C’est donc à tort que le P. Bouhours (Entretiens d’Ariste et Eugène) prétend ces superlatifs contraires au génie de notre langue.
En 1607, Malherbe, dans ses lettres, se sert fréquemment de grandissime; et Perrot d’Ablancourt, dans sa traduction de César: «Il y avait un grandissime nombre de villes.» Mais on les en a repris l’un et l’autre.

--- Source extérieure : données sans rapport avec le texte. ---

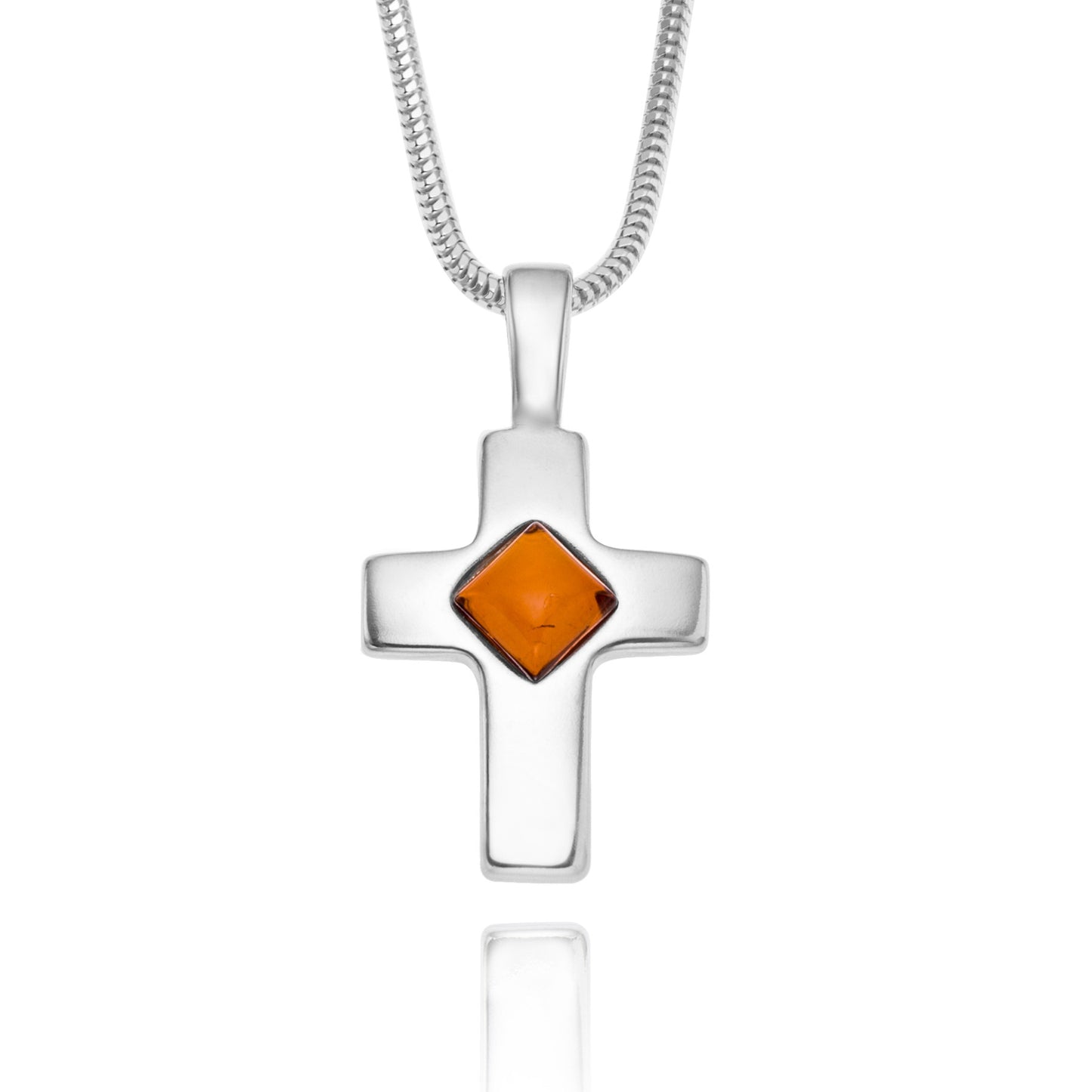 Ein Silberkreuz mit Bernstein, Größe 27 mm x 20 mm, (ohne Kette)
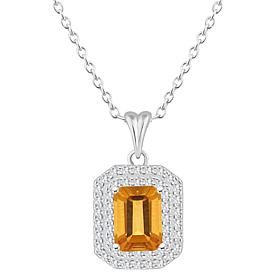 Top Choice Gems 8x6mm Emerald-Cut Gem & White Topaz Pendant with Chain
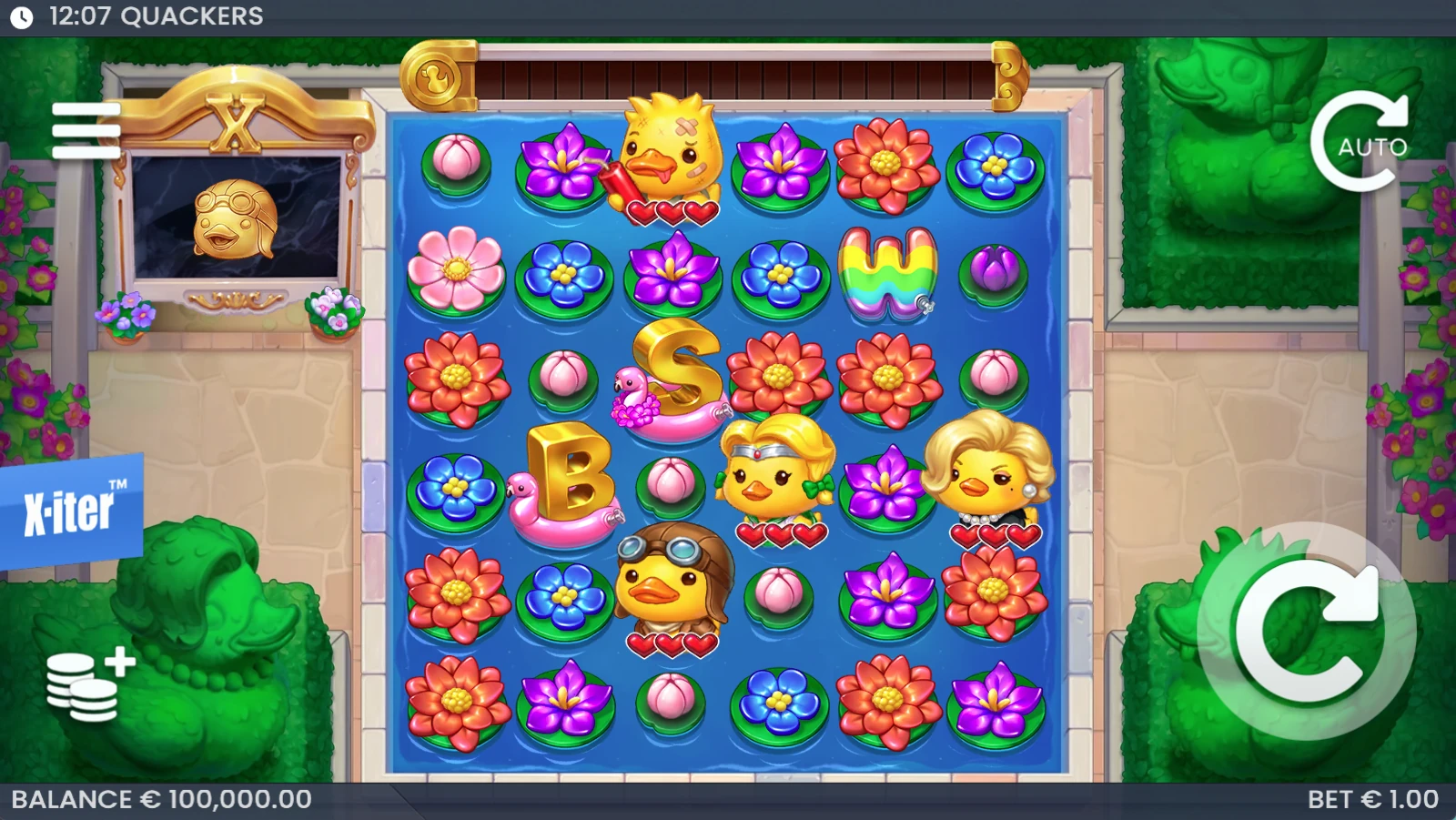 Griglia 6x6 di Quackers con fiori, papere e simboli Bonus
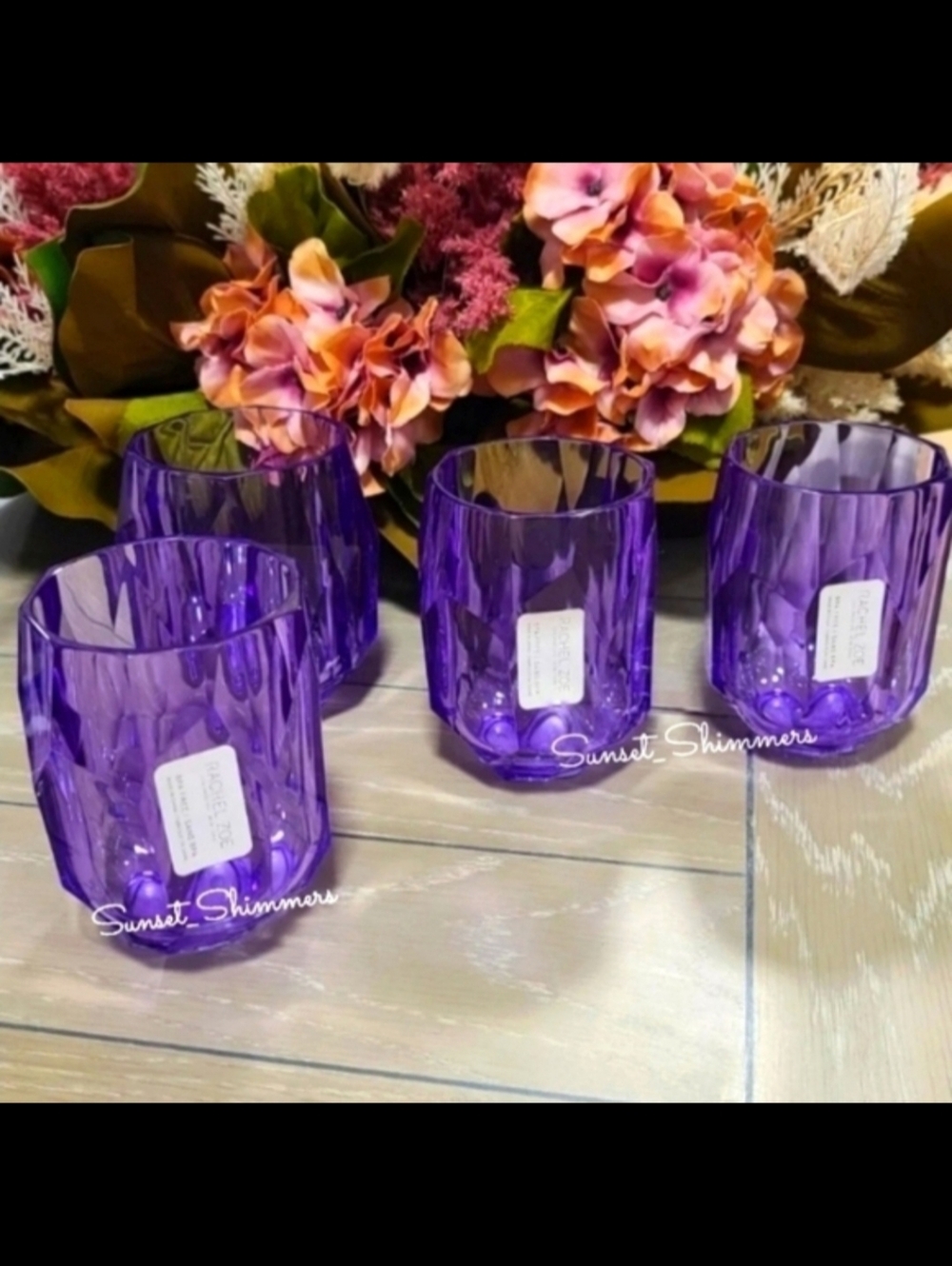 RACHEL ZOE 4pc PURPLE ACRYLIC Crystal TUMBLER Cup Drink GLASS Set NEW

Par conséquent, c’est du commencement du XVIIe siècle qu’il faut dater dans notre langue la déchéance de l’ancienne forme latine, et l’emploi exclusif de très pour marquer le superlatif.
Les Latins, outre la forme en issimus, formaient aussi le superlatif par le mot ter, soit séparé, soit en composition. Ils avaient emprunté cela des Grecs, qui disaient τρισόλβιος, τρισευδαίμων, τρισκατάρατος, etc.
Plaute dit de même, trifur, triveneficus, tricerberus.
Et Virgile: «O ter quaterque beati!»
Très-docte, en français, est donc comme tridoctus, et nous avons eu, à l’instar des Latins, deux manières de former les superlatifs; seulement la forme grecque, chez les Latins la moins usitée, a fini par l’emporter chez nous, et par étouffer complétement la forme latine.